(Beginning of Given entries)
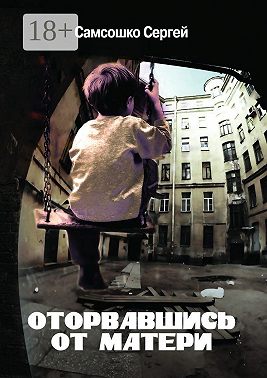 Оторвавшись от матери. Драма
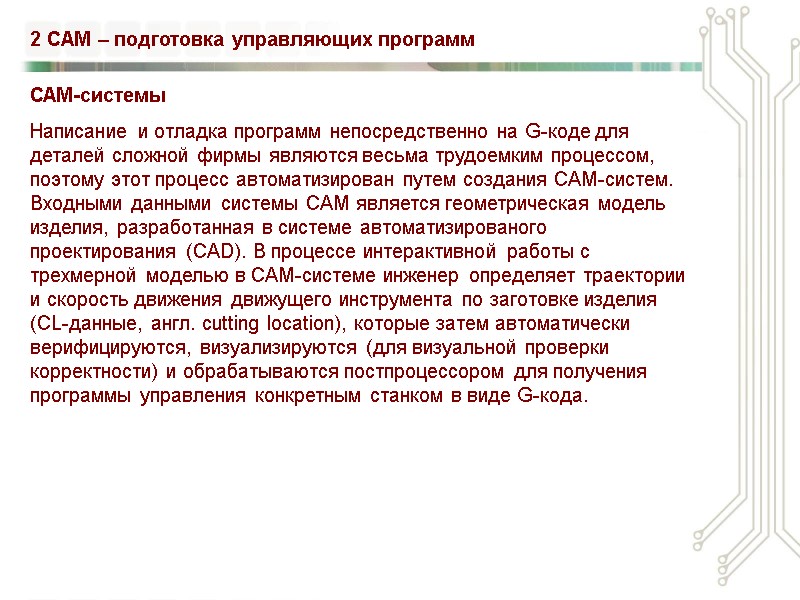 2 CAM – подготовка управляющих программ САМ-системы Написание и отладка программ непосредственно на G-коде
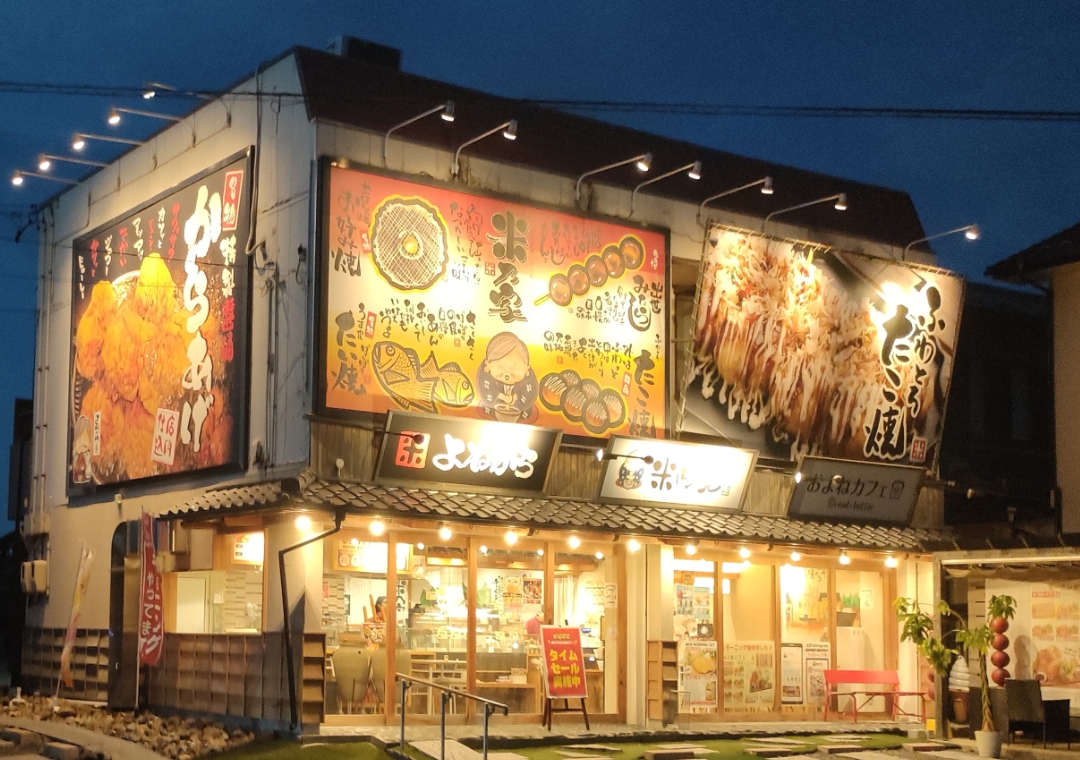 米乃家 千秋店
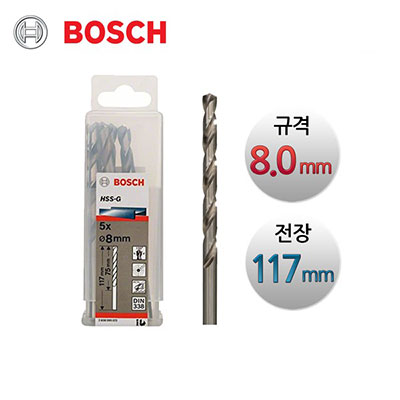 Mũi Khoan Sắt D8 Bosch 2608595072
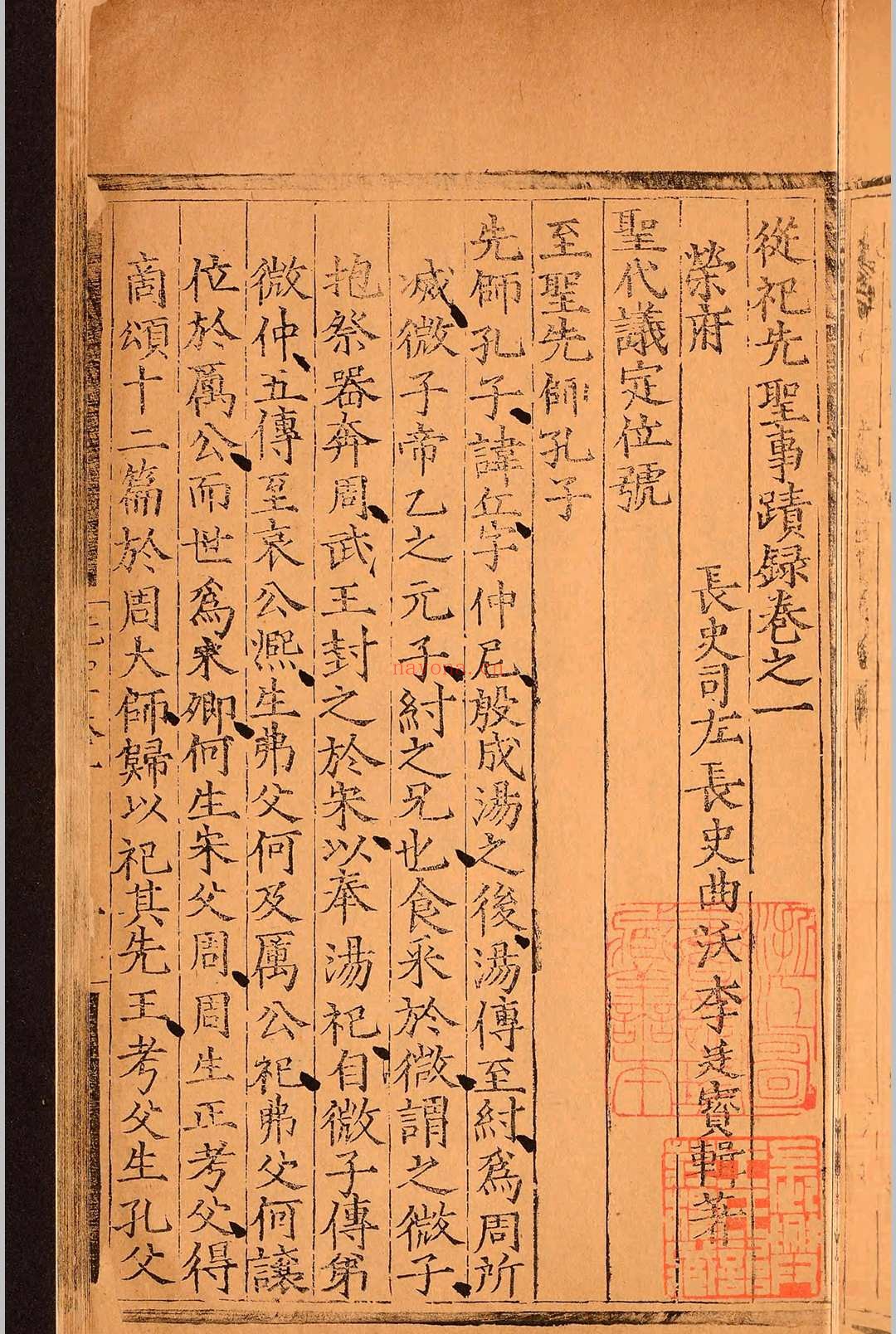 从祀先贤事迹录二十四卷.李廷宝.明嘉靖四十五年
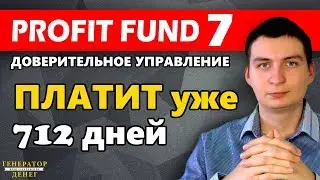 Свежая выплата с проекта Profit Fund Seven работающего уже 712 дней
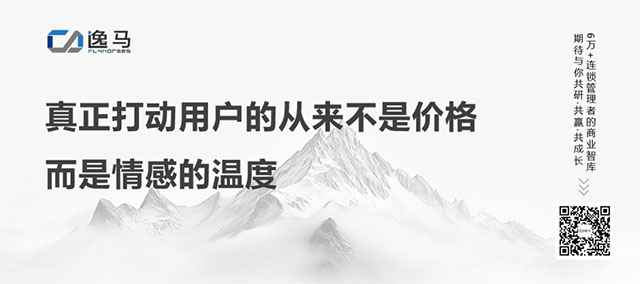 從“一店”到“萬店”：公私域協(xié)同的戰(zhàn)略邏輯與全域增長之道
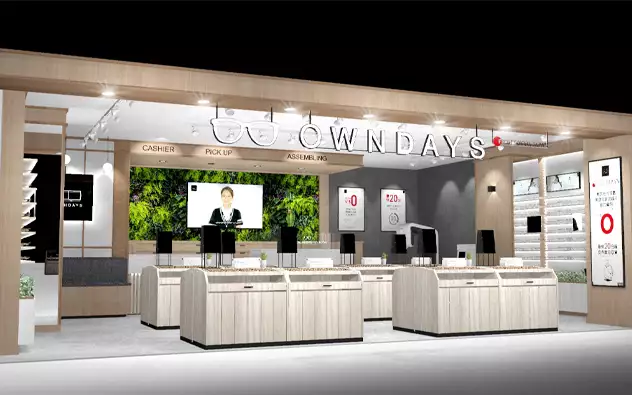 港島區 太古城中心店 City Plaza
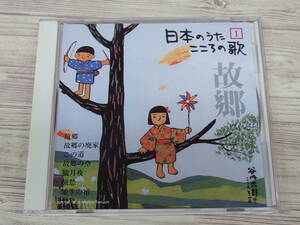 CD / 日本のうた１ こころの歌 故郷 / 中古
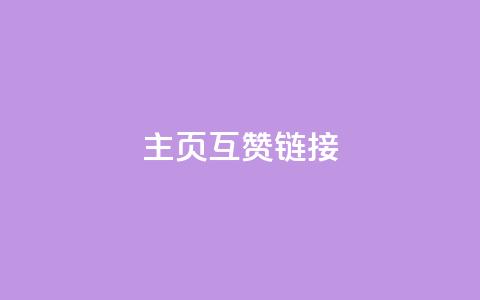 qq主页互赞链接,业务自助平台24小时 - 粉丝ks ks双击业务24小时直播  第1张 qq主页互赞链接,业务自助平台24小时 - 粉丝ks ks双击业务24小时直播  第1张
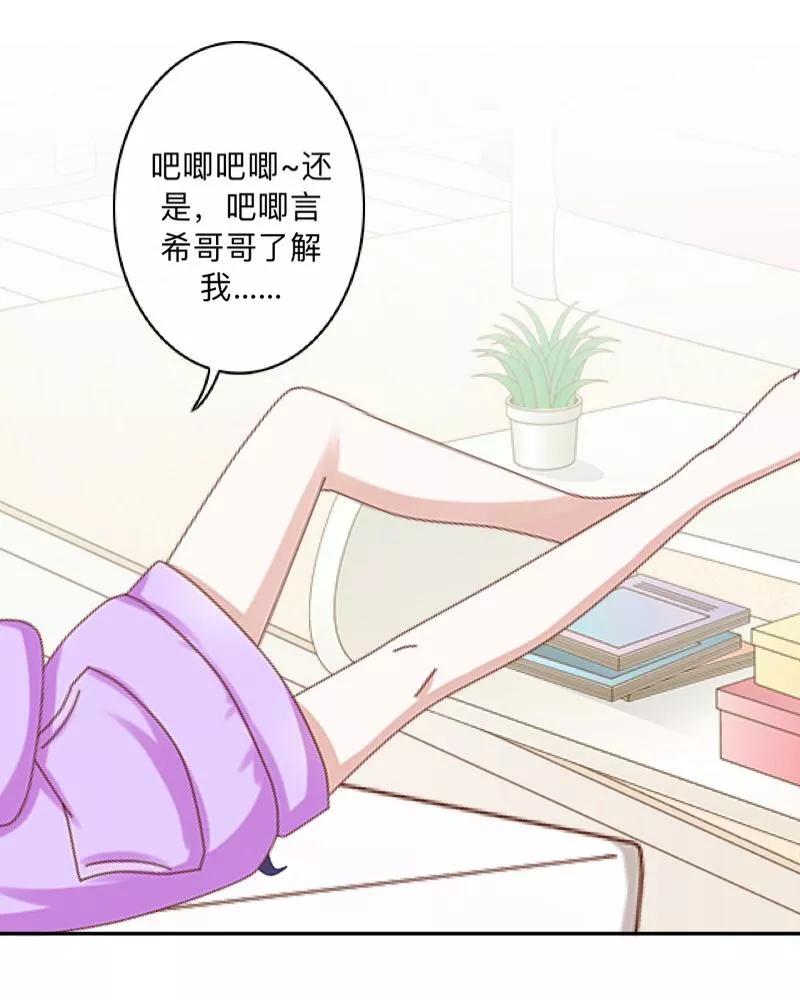 《学校有鬼》第27话 墨夜，你好帅~ 第41页
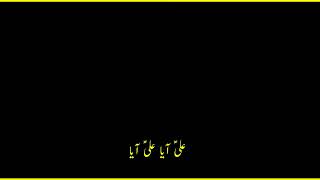 Alam bardar Ata Hai | Noha Nadeem sarwar | black screen status | New Noha 2022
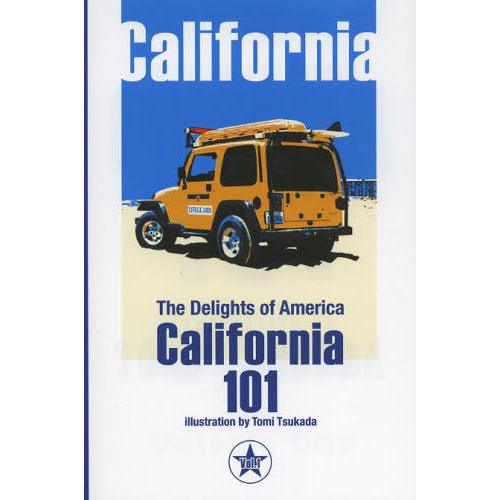 Ｃａｌｉｆｏｒｎｉａ　１０１　ＶＯＬＵＭＥ１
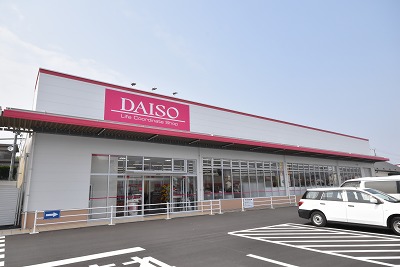 平丘台マンション 周辺画像10
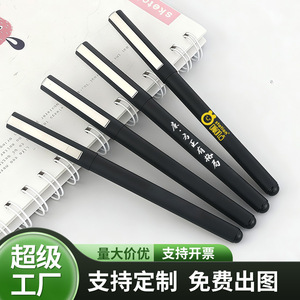 Customizable Logo Ballpoint <b>Pen</b> Black <b>White</b> Handle Metal Hook 145x10mm For Signature Advertising Promotional Gift - Product Image 4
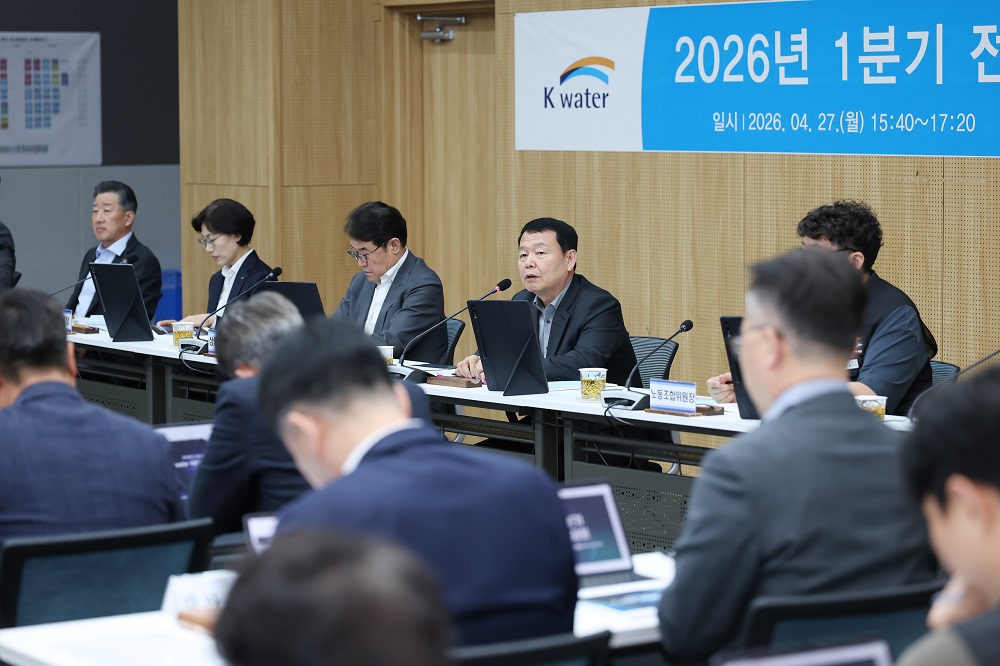 ‘재생에너지와 AI로 에너지 안보 적극 대응’ 한국수자원공사, 물관리 혁신 역량 결집 이미지[1]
(End of Given entries)
▶ _What needs to be done_
Would you please copy, exactly and only, the lines from the one with "Ｃａｌｉｆｏｒｎｉａ　１０１　ＶＯＬＵＭＥ１" through the end of the entries above, skipping every picture?

▶ _Exercise solution_
 Ｃａｌｉｆｏｒｎｉａ　１０１　ＶＯＬＵＭＥ１
 平丘台マンション 周辺画像10
 Customizable Logo Ballpoint <b>Pen</b> Black <b>White</b> Handle Metal Hook 145x10mm For Signature Advertising Promotional Gift - Product Image 4
 ‘재생에너지와 AI로 에너지 안보 적극 대응’ 한국수자원공사, 물관리 혁신 역량 결집 이미지[1]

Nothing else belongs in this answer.